O Vergin santa, che il Signore elesse
Per nascer dal tuo sen Uom de' dolori,
Uom che modello a tutti noi splendesse!
Tu, benchè pura, non respingi i cuori
Che a te sorgon macchiati, e come il Figlio
Brami scampo e non lutto ai peccatori.
Deh, volgi anco su me quel divin ciglio
Che sempre da clemenza è intenerito
Verso chi prega dal suo tristo esiglio!
Io t'amai da fanciullo, indi partito
Da te sembrai, ma spesso a te pensando,
De' lunghi errori miei gemea pentito;
Ed in que' giorni di dubbiezza, quando
Della fallacia dell'orgoglio mio
Pur meco stesso mi venia crucciando,
Un bisogno invincibile d'Iddio
Talvolta m'assaliva e mi parea
Che a speranza da te mosso foss'io.
E se in un tempio allor mi ritraea,
Cercava la tua immagine, e in quel viso
Virgineo e celestial fede io ponea.
E gioiva al pensar che in paradiso,
Appo il fulgor dell'eternal bellezza,
Brillasse d'una femmina il sorriso!
Il sorriso di madre a pietà avvezza,
Ed al desìo che in virtù crescan lieti
Quei cari figli ch'ella tanto apprezza.
Non badar, no, se troppo a' consüeti
Sentier d'infedeltà raddotto m'hanno
Miei giovenili affetti irrequïeti,
Più fermo or t'amerò, più non trarranno
Lunge i miei passi da tua dolce via:
Fuor d'essa tutto vidi essere inganno.
Degna di te non è l'anima mia,
Ma pensa ch'opra è pur del Benedetto
Che da te nacque, e che per me patìa.
Riconduci quest'alma al tuo Diletto;
Digli che sempre in esso e in te sperava.
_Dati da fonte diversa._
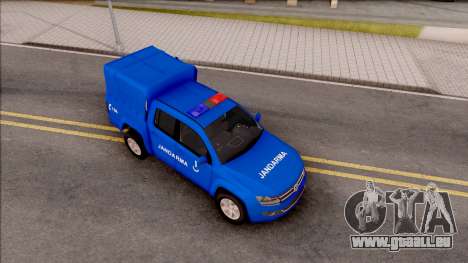 Volkswagen Amarok Turkish Gendarmerie Vehicle pour GTA San Andreas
Digli che tu di confidar m'hai detto!
Digli che il danno mio t'addolorava,
Digli che l'amor tuo salvo mi vuole,
Digli che a te dal Golgota ei mi dava!
Tai dalla madre udendo alte parole
Arriderà, siccome ai sapïenti
Tuoi desiderii tutti arrider suole.
Se gli spiacquero in me cuore ed accenti,
Cuore ed accenti mi darà novelli,
Sì che più caro a dritto, io gli diventi.
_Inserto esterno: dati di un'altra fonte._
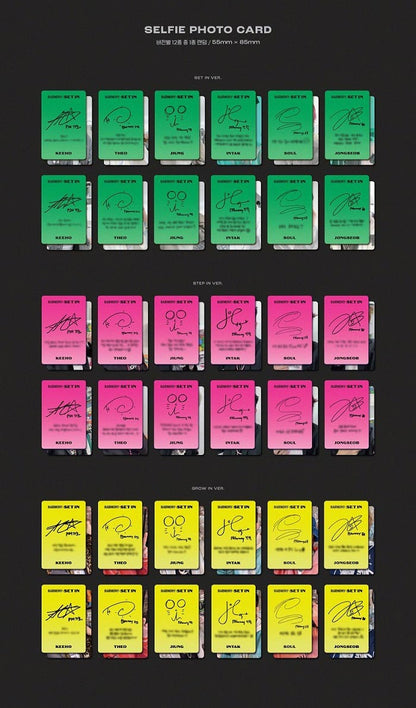 P1Harmony Mini Album Vol. 5 - HARMONY : SET IN (Random)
Santificata l'arpa mia più belli,
Più fervid'inni eleverà, dicendo
Come gli afflitti dal periglio svelli.
E forse allor più d'un che va fuggendo
Sdegnosamente la tua pia chiamata,
Te d'illusi ignoranti idol credendo,
Fermerà il passo perch'io t'ho cantata,
E ridirà: - Ma chi è mai costei,
Che pur da quell'altero è commendata?
Alzando gli occhi imparerà chi sei;
Stupirà, t'amerà, nobil rossore
Avrà, qual ebbi degl'indugi rei.
Ma, deh! ti mostra madre al peccatore
Pur se debole ei resta, e se talvolta
Inchinato a viltà gli scerni il core.
Poca mia possa, ma tua possa è molta;
Per balze, per fiumane or tremo, or cado,
Ma, qual ch'io sia, tu le mie grida ascolta.
Spesse fiate in malagevol guado
Mi porgesti la mano, e uscii dell'onde;
M'alzi tua dolce man di grado in grado
Da questi rischi alle celesti sponde!